The call money market is the most liquid of all short-term money market segments, with a maturity period of one day. The tenure of call money loan ranges from one day to fourteen days after the disbursement of the amount is made by the lending institution. In the call money market, any amount can be lent or borrowed at a market-determined interest rate that is acceptable to both the borrower and the lender.
Call Money Market in India
Call money market deals with day-to-day requirements of funds. The purpose of call loans is to deal in the bullion market and stock exchanges.
- Money lent for one day is called call money.
- Money lent for more than one day and less than 15 days is called Notice Money.
- Money lent for more than 15 days is called term money.
Why do Banks Need Call Money?
- For managing temporary funding mismatches
- To comply with the cash reserve ratio (CSR) and the statutory liquidity ratio (SLR)
- For meeting excess demand caused by a net outflow of funds from disinvestment or imports
Call Money Market Features
1. High Liquidity: One of the most important characteristics of the call money market is the high liquidity it provides. They provide fixed income to the investor and have a short-term maturity. Because of this feature, call money market instruments are regarded as close substitutes for money.

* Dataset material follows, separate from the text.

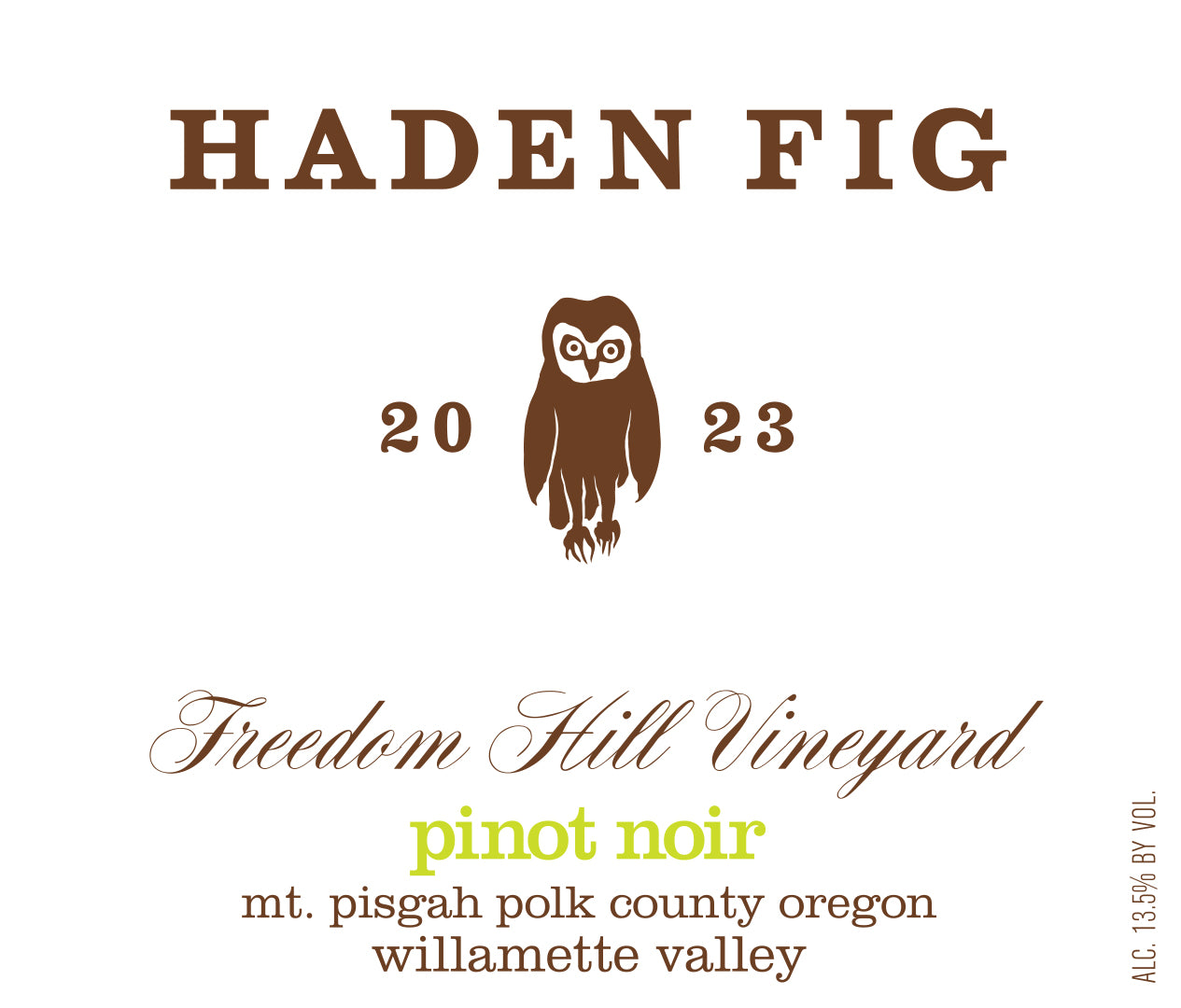 Haden Fig Freedom Hill Vineyard Pinot Noir 2023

2. Secure Investment: These financial instruments are among the most secure investment avenues available in the market. Since issuers and borrowers of call money market instruments have high credit ratings and the returns are fixed beforehand, the risk of losing invested capital is minuscule.
3. Competitive Interest Rates: The interest rate charged on a call loan between financial institutions is known as the call loan rate. Call money is used by brokers as a short-term source of funding to keep margin accounts open for customers who want to leverage their investments. The interest rate charged on loans used to purchase securities varies based on the call money rate set by the RBI.

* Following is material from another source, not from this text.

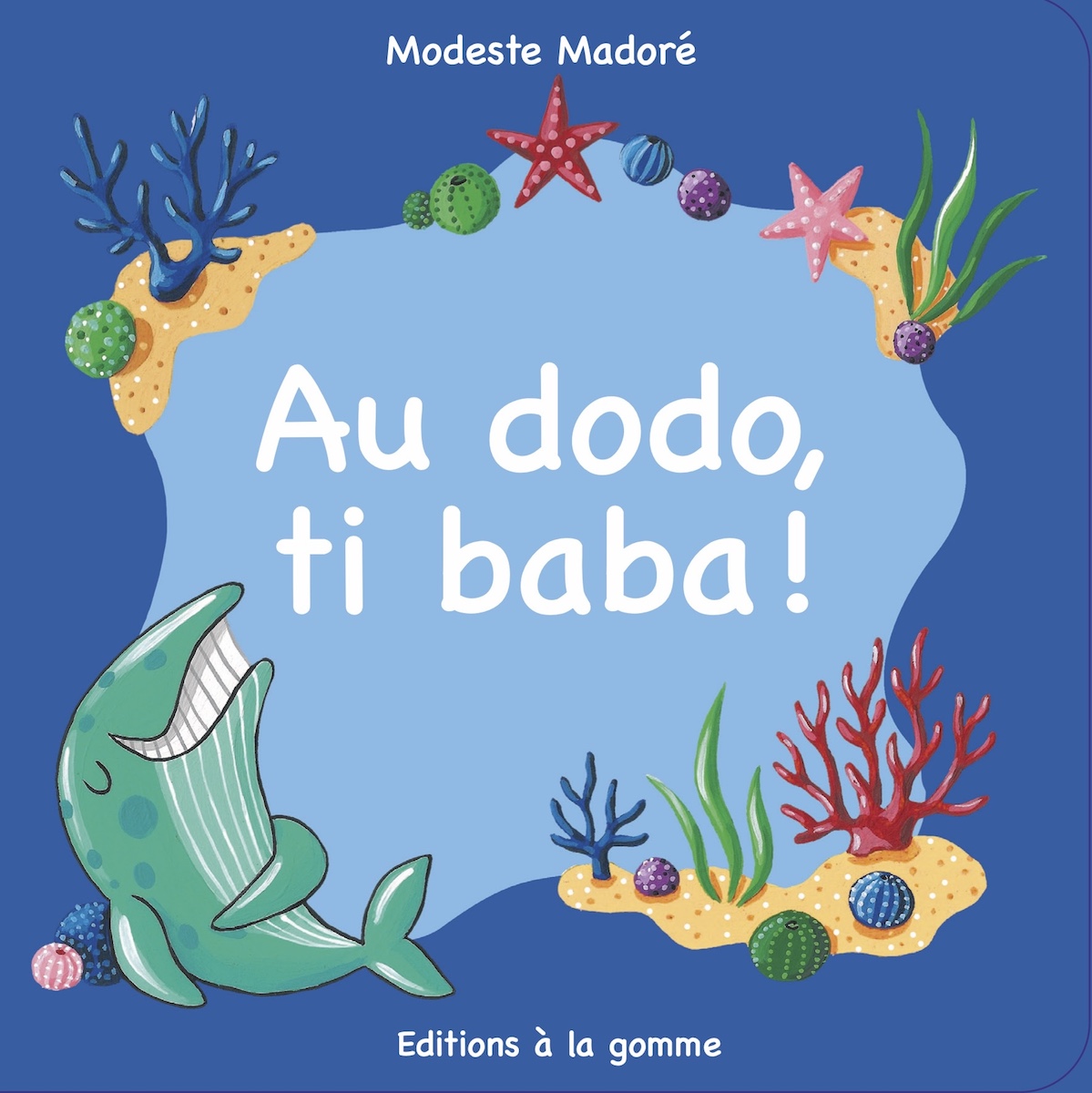 Au dodo, ti baba !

4. Easy Transfers: The funds can be transferred between lenders and brokerage firms quickly. As a result, call money is the second most accessible asset in a balance sheet, trailing only cash. If the lender calls the funds, the broker can issue a margin call, which typically results in the automatic sale of securities in a client’s account (to convert the securities to cash) to repay the lender.

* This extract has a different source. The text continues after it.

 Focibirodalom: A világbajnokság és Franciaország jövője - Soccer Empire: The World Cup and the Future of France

Participants of Call Money Market in India
Banks, Primary Dealers (PDs), Development Finance Institutions, Insurance companies, and select Mutual Funds are currently participants in the call money market. PDs and banks can act as both borrowers and lenders in the market. Non-bank institutions that have been granted specific permission to operate in the call money market, on the other hand, can only act as lenders.
How does Call Money Market work?
Loans are offered by lenders in the form of auctions in a Call Money Market (CMM), and borrowers place bids on them. These bids are made on interest rate biddings. As a result, the funds go to the bidder who offers the highest interest rate on a specific loan. Dealing of the money in a CMM is done through a Negotiated Dealing System (NDS) which is a regulated electronic trading platform. The rate of call money is strikingly volatile and varying due to several factors like fluctuating corporate demand, the volume of Bank deposits and cyclical fluctuation, among others.
The call money rate or interest rate is affected by liquidity demand and supply. A lack of liquidity causes the call money rate to rise, and vice versa. It is a monetary multiplier measurement.